New research suggests they can improve emotional, social and cognitive functioning in adolescents with severe mental disorders. The study, published in Complementary Therapies in Clinical Practice, examined the effects of animal-assisted therapy, which is an intervention involving guided interaction between a patient and a trained animal. The purpose of this intervention is to aid a patient’s recovery process.

"The young patients who feel fragile, needy and dependent on others in the hospital context, can experience themselves as caretakers of someone else in the [animal-assisted therapy] environment," researchers said, according to The Pacific Standard. "This experience can improve their sense of self-agency and self-cure, and these positive effects are not only limited to the human-animal bond, but can be extended to the patient’s global functioning and to the entire process of care."

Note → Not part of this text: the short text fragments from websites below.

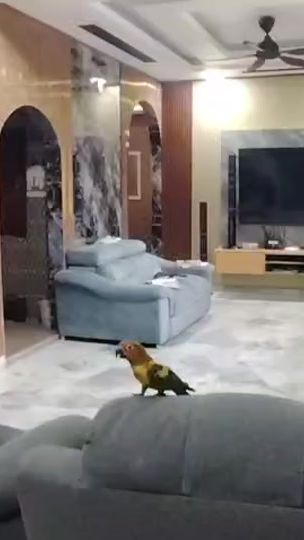 TikTok video thumbnail by jada_exotic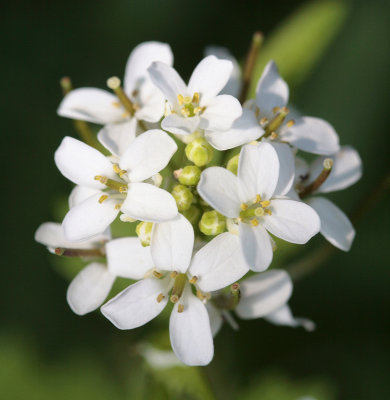 Garlic Mustard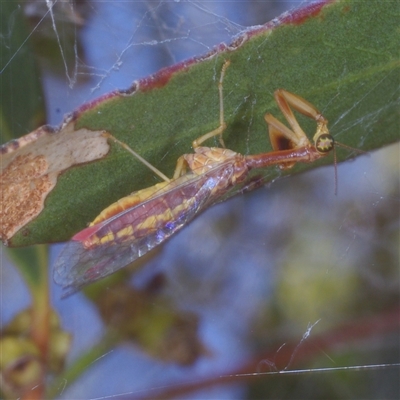 Campion cruciferus (A mantis fly) at Morton Plains, VIC - 26 Jan 2015 by WendyEM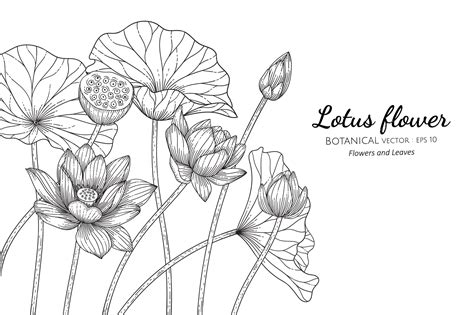 Premium Vector Lotus Flower And Leaf Hand Drawn Botanical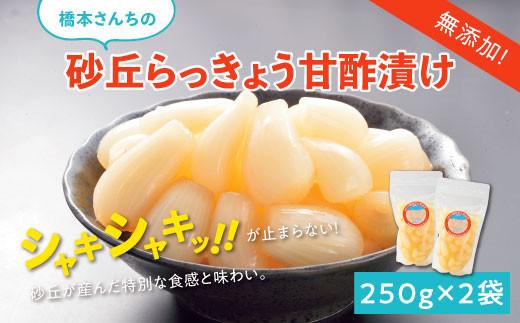 橋本さんちの砂丘らっきょう甘酢漬け 500g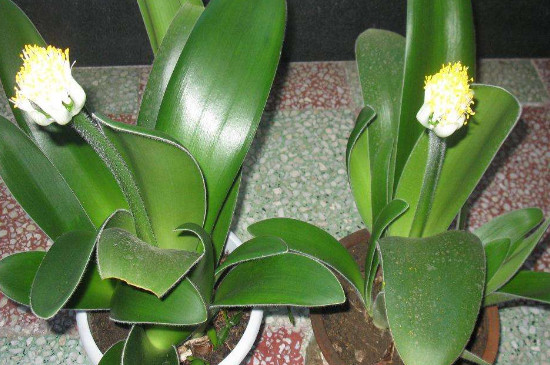 虎耳兰的养殖办法和留意事项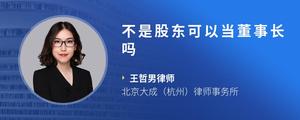 不是股东可以当董事长吗
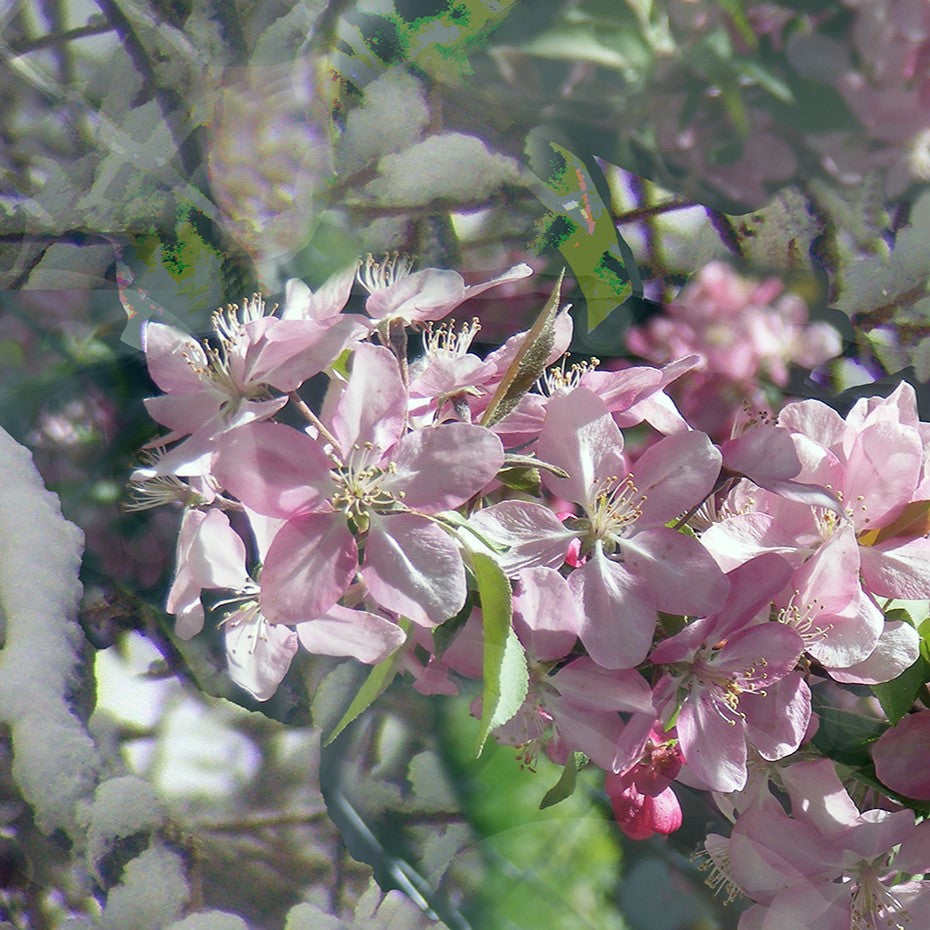 Taste of Spring, No. 2 by Deeling C. Gregory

For the study, researchers recruited 34 hospitalized patients admitted for acute psychiatric disorders. They were divided into two groups: one would participate in an animal-assisted therapy intervention, and the other would receive standard treatment; both groups continued to receive their routine care. Of the cohort participating in the study, 65 percent were experiencing an eating disorder, 21 percent a mood disorder, and 9 percent had schizophrenia.

The animal-assisted therapy group had a 45-minute session once a week, where they interacted with dogs from Guide Dogs for the Blind in Tuscany. During these sessions, adolescents were able to partake in activities that involved "getting to know the animal and its handler, grooming, cleaning basic obedience, and agility," Pacific Standard reported

Researchers saw an improvement in social and psychological functioning among patients receiving animal-assisted treatment, as well as an increase in school attendance and a reduction in time spent in the hospital compared to those not in therapy with dogs.

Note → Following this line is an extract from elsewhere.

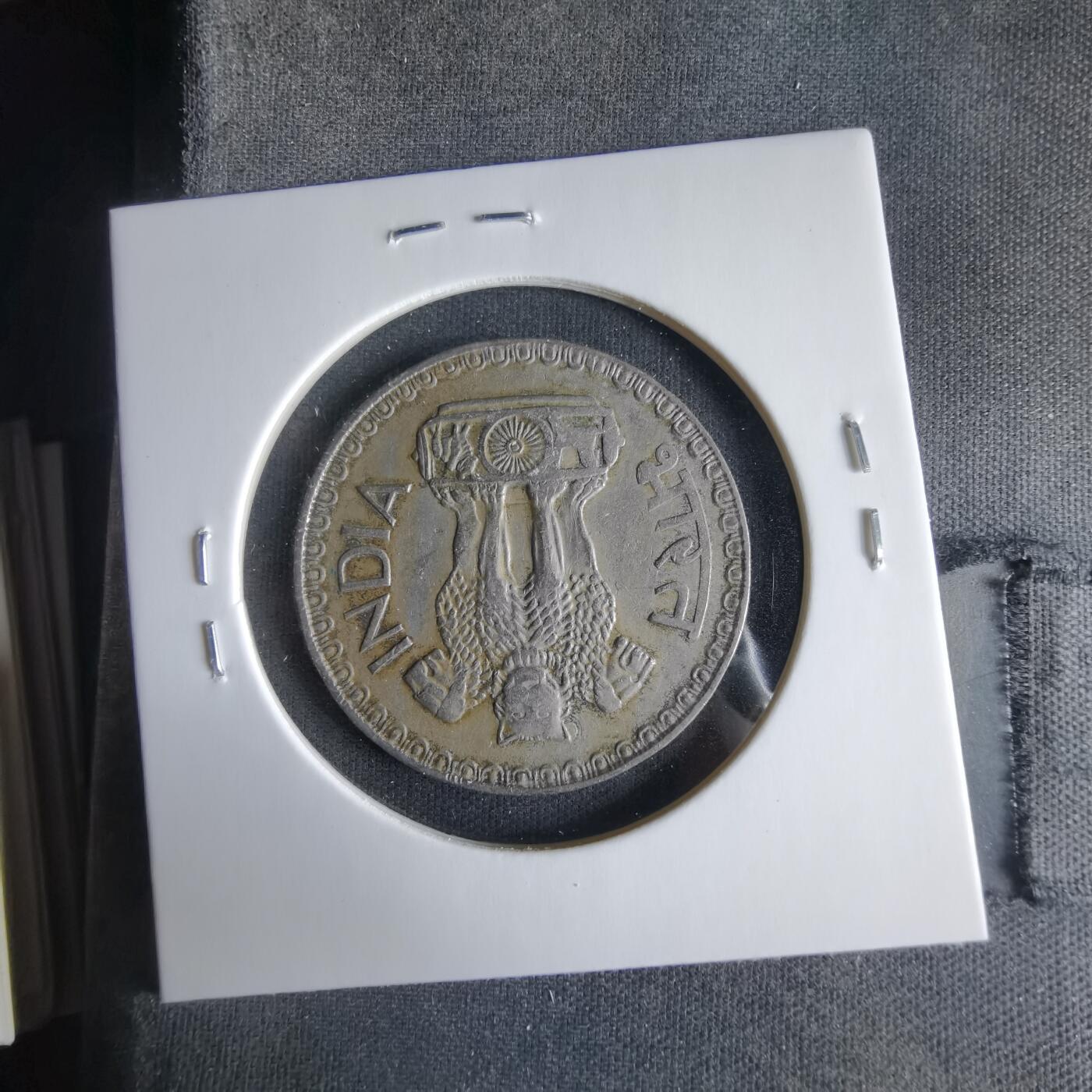 沼泽如烟--第1033场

"One possible explanation for this success is the role of the animal as a catalyst in the therapeutic process," researchers said, according to The Pacific Standard. "Animals may represent a valid help in therapeutic contexts thanks to their ability to catalyze social interactions and to create a more relaxed environment."

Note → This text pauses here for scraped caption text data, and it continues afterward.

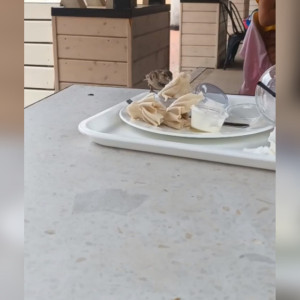 Владимирцы возмутились грязью на рынке на Студеной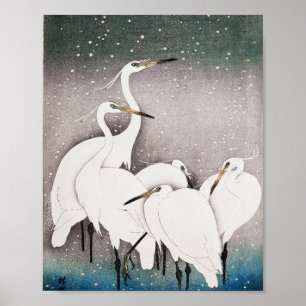 Póster Grupo de Egrets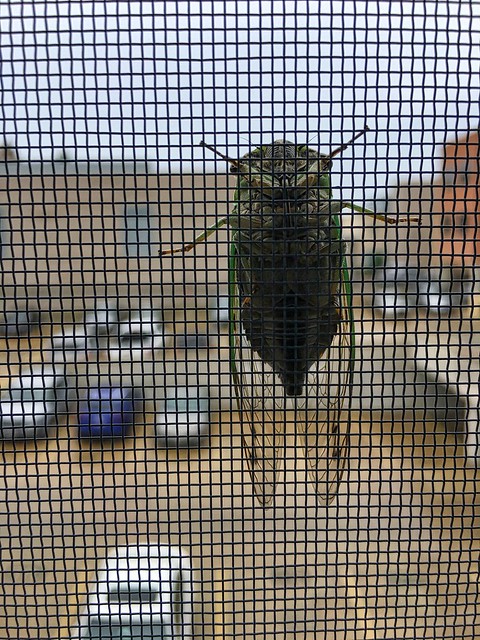 Cicada on Office Window Screen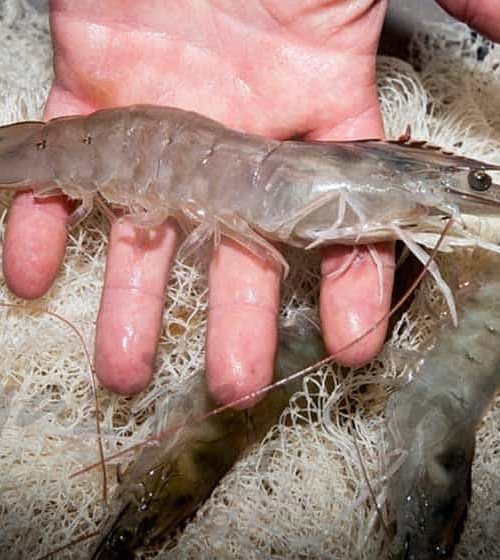 El langostino de “Medina del Campo”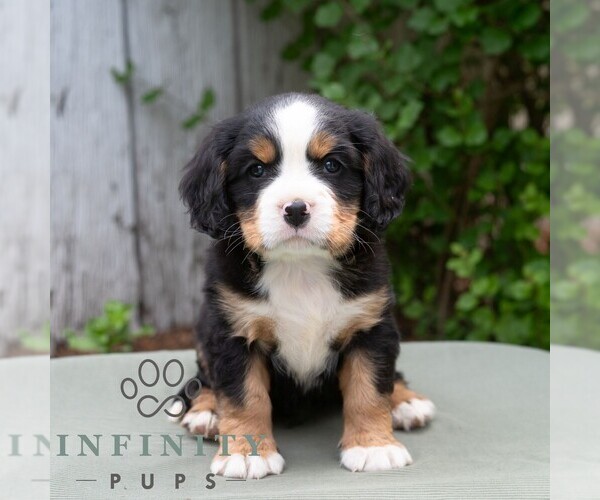 Medium Photo #5 Bernese Mountain Dog-Cavalier King Charles Spaniel Mix Puppy For Sale in RICHFIELD, PA, USA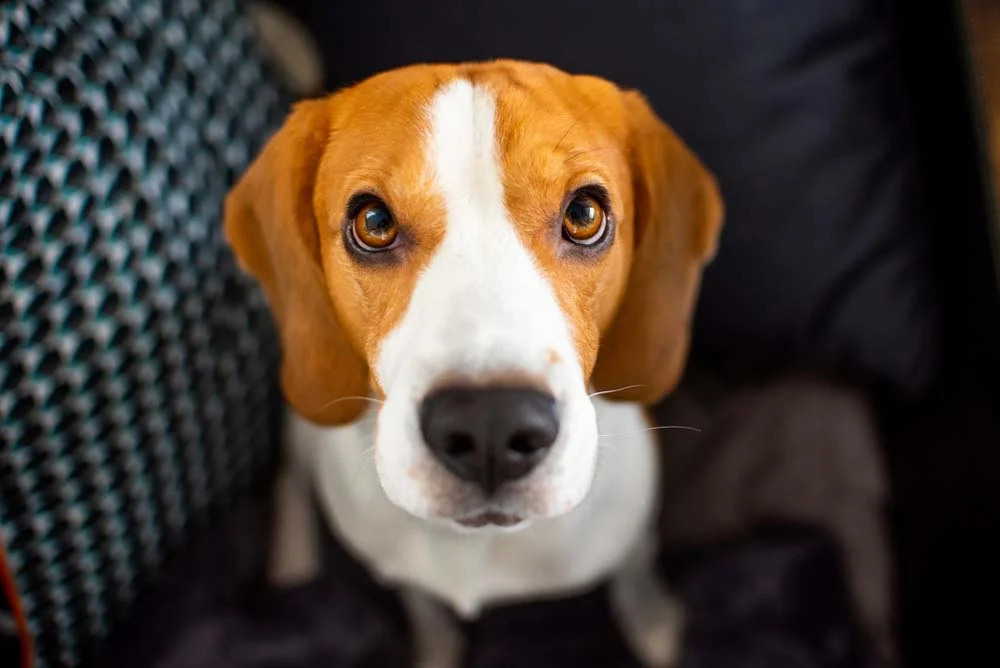 Beagle olhando para câmera
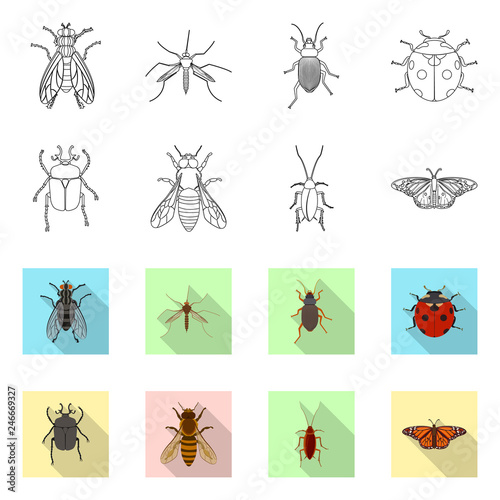 Isolated object of insect and fly logo. Set of insect and element vector icon for stock. © Svitlana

Previous studies have linked owning a pet or animal interaction with many health benefits, such as reduced allergy risk, lower stress levels, and a better sense of well-being.

Although more research is needed to support these results, researchers believe animal-assisted therapy can have a positive effect on both teens' therapeutic progress and the recovery process.

Source: Stefanini M, Martino A, Allori P, Galeotti F, Tani F. The Use Of Animal-Assisted Therapy In Adolescents With Acute Mental Disorders: A Randomized Controlled Study. Complementary Therapies in Clinical Practice. 2015.